|DEWEY I. COFFMAN,|
|ANN M. VENEMAN, Secretary, U.S. Department of Agriculture,|
The United States Department of Agriculture (USDA) terminated Appellant's employment in May 1997 after two board-certified psychologists determined that he suffered from a delusional disorder and that returning him to his former position would pose a substantial risk to himself and to others. No reasonable accommodation could be made for his return to duty. After his termination, Appellant brought two lawsuits in district court alleging discrimination on the grounds of reprisal, disability, and age. The district court in Coffman v. Glickman, CIV-99-1797-F, granted summary judgment to Defendant Secretary Veneman's predecessor, finding that the uncontroverted facts supported the USDA's decision. In the case before us, the district court granted summary judgment on the grounds of claim preclusion and issue preclusion, finding that the matters presented were alleged and adjudicated in Coffman v. Glickman.
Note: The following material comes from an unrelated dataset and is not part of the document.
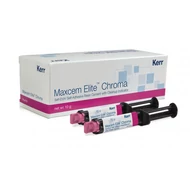 Maxcem Elite Chroma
Claim preclusion prevents parties from re-litigating issues that were or could have been raised in an action that has received a final judgment on the merits. For claim preclusion to apply, the following elements must exist: (1) a final judgment on the merits in a prior action; (2) identity of parties or privies in the two suits, (3) identity of the cause of action in the two suits; and (4) a full and fair opportunity to litigate the prior action. Nwosun v. General Mills Restaurants, 124 F.3d 1255, 1257 (10th Cir. 1997). The district court found that the first, second, and fourth elements had been met. Order, 5 (W.D. Okla. June 7, 2005). As to the third element, whether the instant suit alleges the same cause of action as in the prior case of Coffman v. Glickman, the court found that complaints in both actions were extremely similar. Id. at 5-6. The district court, in its extremely detailed review, also considered whether all potential claims alleged in this complaint could have been alleged in the earlier action and concluded:
Applying the general rule that all claims arising from the same employment relationship constitute the same transaction or series of transactions for claim preclusion purposes, it makes no difference whether plaintiff first alleged claims based on reprisals for whistleblowing in the instant action; those claims could have been alleged in the 1999 action because they are predicated upon plaintiff's employment.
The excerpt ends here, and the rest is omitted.